Liz and Dave, I’ve read through the prologue and first three chapters of “A-Rod: The Many Lives of Alex Rodriguez,” and so far my initial response is the most important: I’m done reading prologues. I always find them frustrating. In this one, I feel as though Selena Roberts is trying too hard to place herself in the story for no good reason — she talks about walking up to A-Rod in a gym where he wasn’t expecting to find such a dogged reporter — and to psychoanalyze A-Rod. Also, she poses a question at the end, a point-blank, “I think you used steroids,” question, but she doesn’t let him answer. She’s trying to build tension, but it’s just frustrating.
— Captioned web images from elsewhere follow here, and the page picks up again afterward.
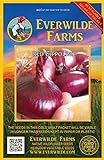 Everwilde Farms - 200 Red Cippolini Onion Seeds - Gold Vault Jumbo Seed Packet photo / $2.98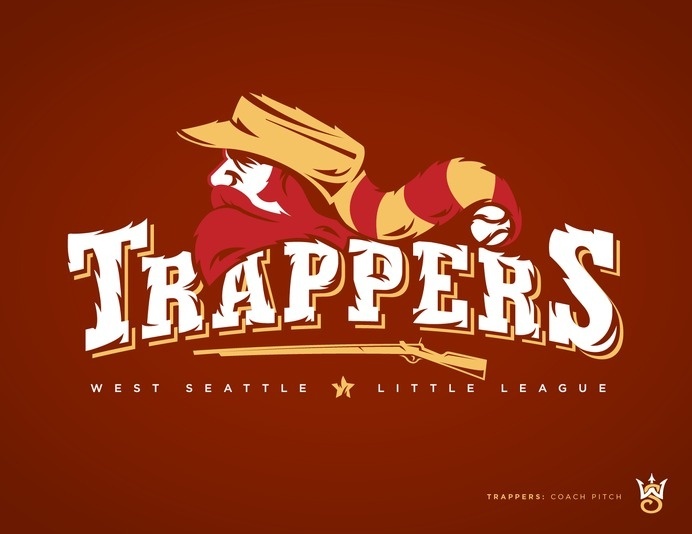 West Seattle Little League - danlustig.com #vector #seattle #sports #trappers #baseball #logo #typography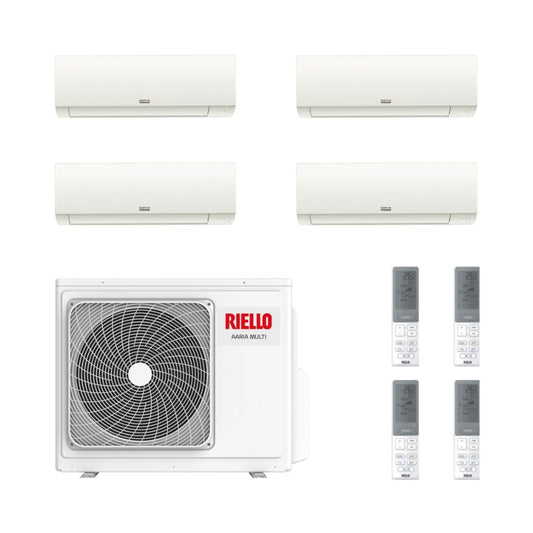 Riello Climatizzatore Quadri Split Aaria Plus con Aaria Multi 475 PI - Gas R-32 Inverter A++/A+ Wi-Fi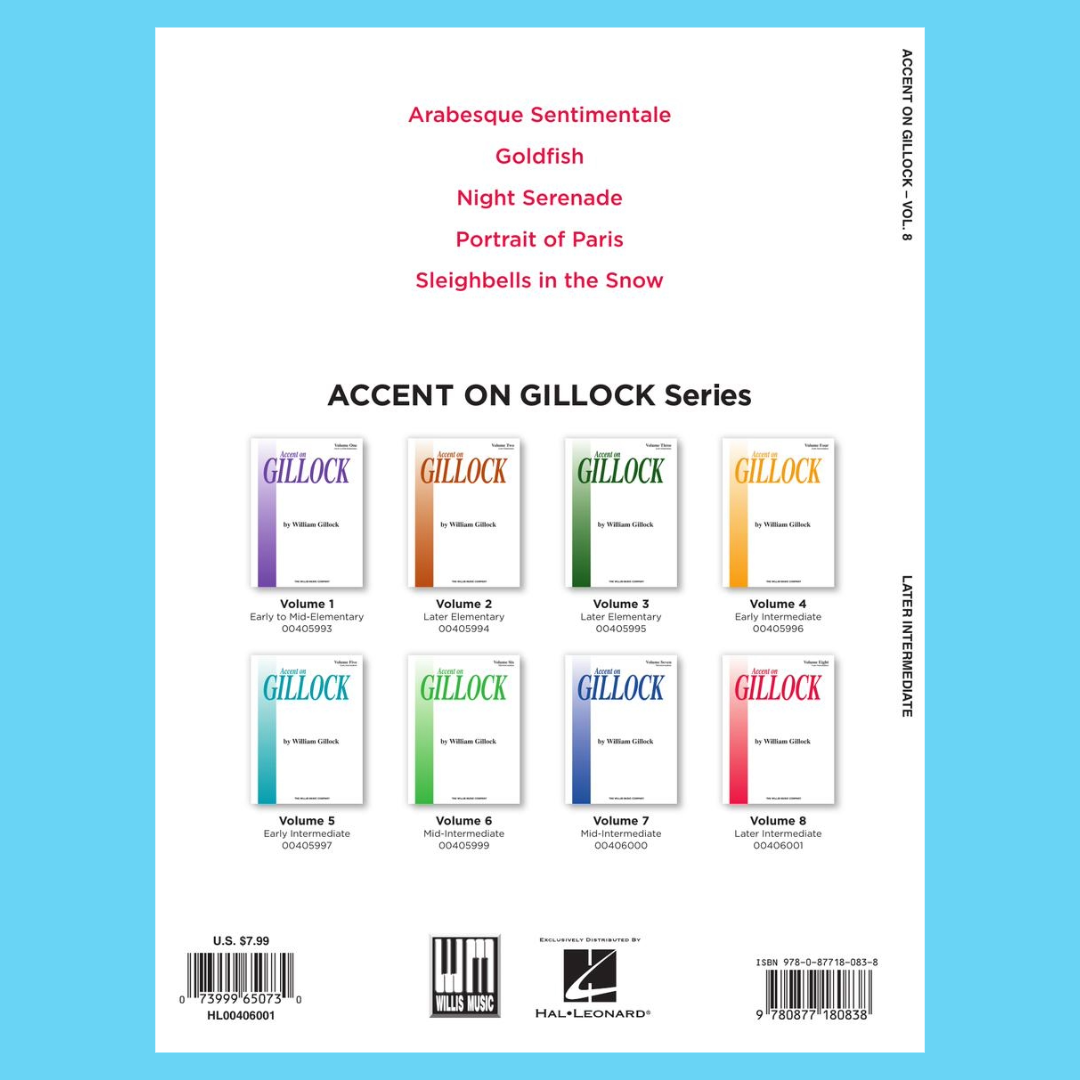 Accent on Gillock - Piano Volume 8 Book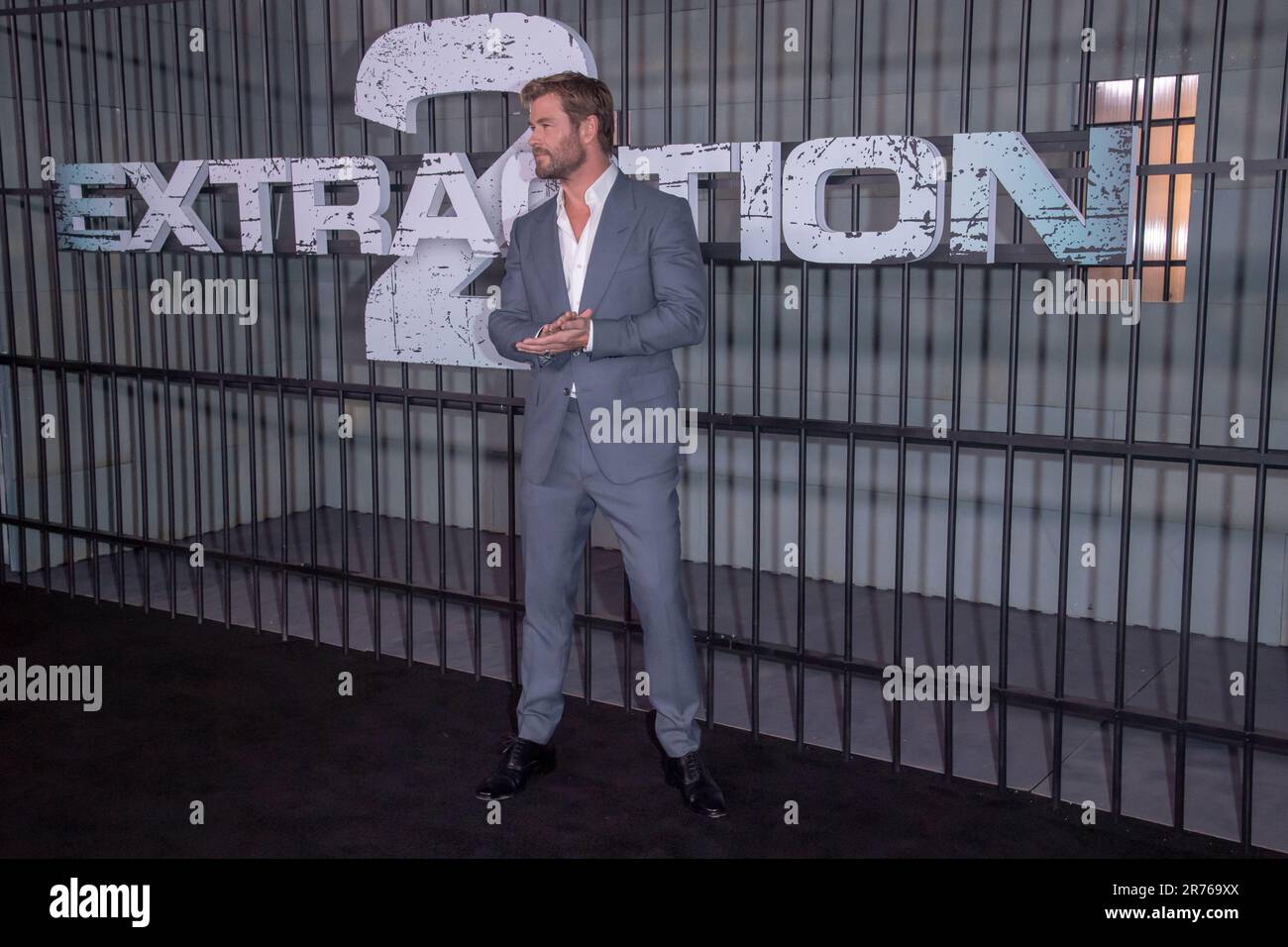New York, New York, USA. 12th June, 2023. (NEW) Netflix's &quot;Extraction 2&quot; New York Premiere. June 12, 2023, New York, New York, USA: Chris Hemsworth attends the Netflix's &quot;Extraction 2&quot; New York premiere at Jazz at Lincoln Center on June 12, 2023 in New York City. (Credit Image: © M10s/TheNEWS2 via ZUMA Press Wire) EDITORIAL USAGE ONLY! Not for Commercial USAGE! Stock Photo
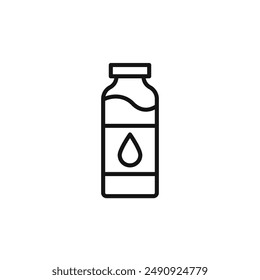 Water bottle logo sign vector outline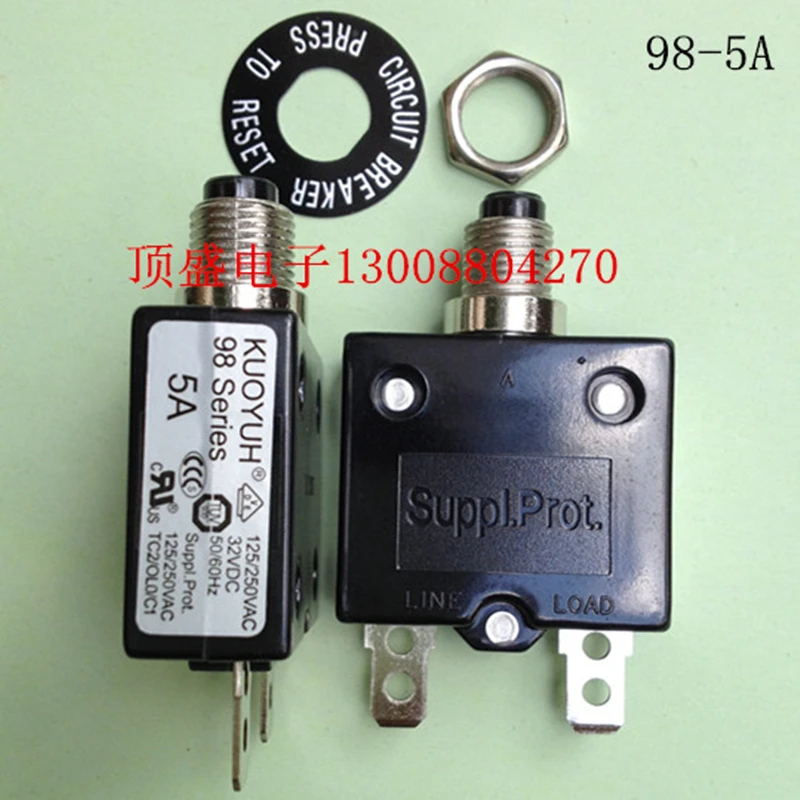 5 шт. автоматический выключатель KUOYUH 98 3A 4A 5A 10A 13A 15A 20A 25A 30A 35A 40A защита от перегрузки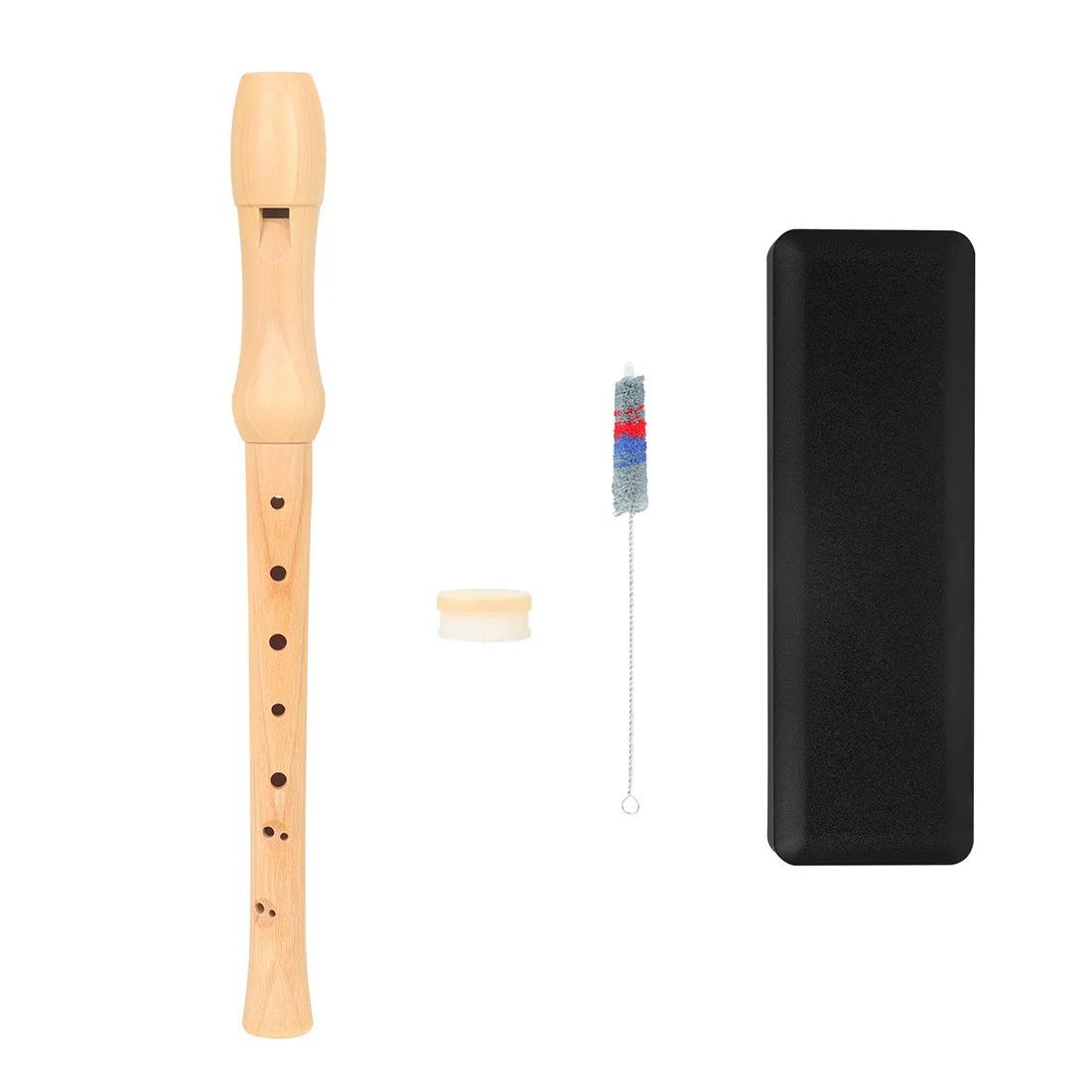 High pitched German 8-hole vertical flute, C-key British wooden vertical flute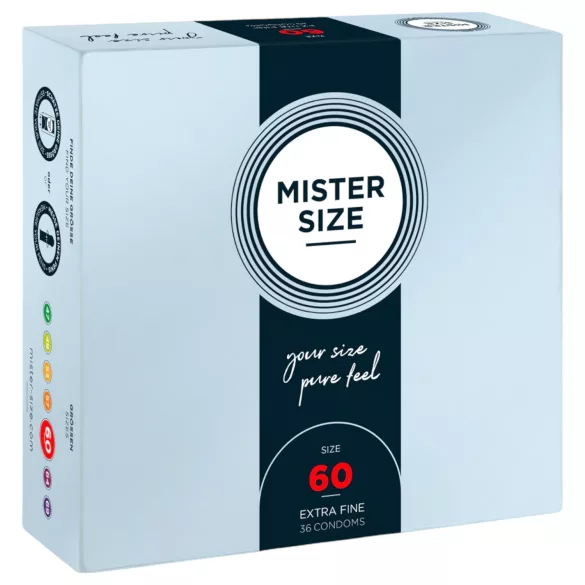 Mister Size - ohut kondomi - 60 mm - 36 kpl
The first chapters are full of Stuart Smalley-esque aphorisms, in which she places blame for A-Rod’s perceived desire to be loved at the feet of his father, who left the family when A-Rod was 10. It’s all about A-Rod wanting to be good enough to please others, and you can imagine A-Rod staring at himself in the mirror, “And doggone it, people like me!” I have to admit, I nearly chuckled out loud when I read one paragraph:
All Alex had ever wanted was to stand out. Baseball made him special. He loved the game, and it loved him right back. Baseball gave and gave to Alex. It supplied the attention he craved. It soothed the insecurities he battled. It filled holes opened by childhood abandonment. Baseball wasn’t like his father. Baseball never left him.
The rest of the first three chapters jumped around in time and space too much. We go quickly from the nice retirement home A-Rod put his father up in after their reconciliation, to A-Rod’s secluded home outside Miami, to the Dominican Republic, Washington Heights, and back to the Dominican Republic. We jump from a cocky high school senior A-Rod, ready to be the number one draft pick, to A-Rod playing basketball and bored with baseball in his first years in high school, back to the night he was the number one draft pick. Did you guys feel disoriented, too?
It was a bit padded as well. Liz, we’ve wondered before whether the book as a little rushed to capitalize on the A-Rod steroid scandal. I mean, on top of the book cover is the blurb, “By the Sports Illustrated writer who broke the A-Rod steroids story.” Maybe stretching it into a book is why there are little asides that don’t further the story, like A-Rod jumping into his parents bed as a kid in chapter 1, called “The Good Son.” I mean, doesn’t every kid do that? Does that really tell us much about A-Rod? She’s trying to establish how much he loved his dad, I think, but I’m not sure that does it. It’s like a movie of a little boy who misses his dad, not like real life.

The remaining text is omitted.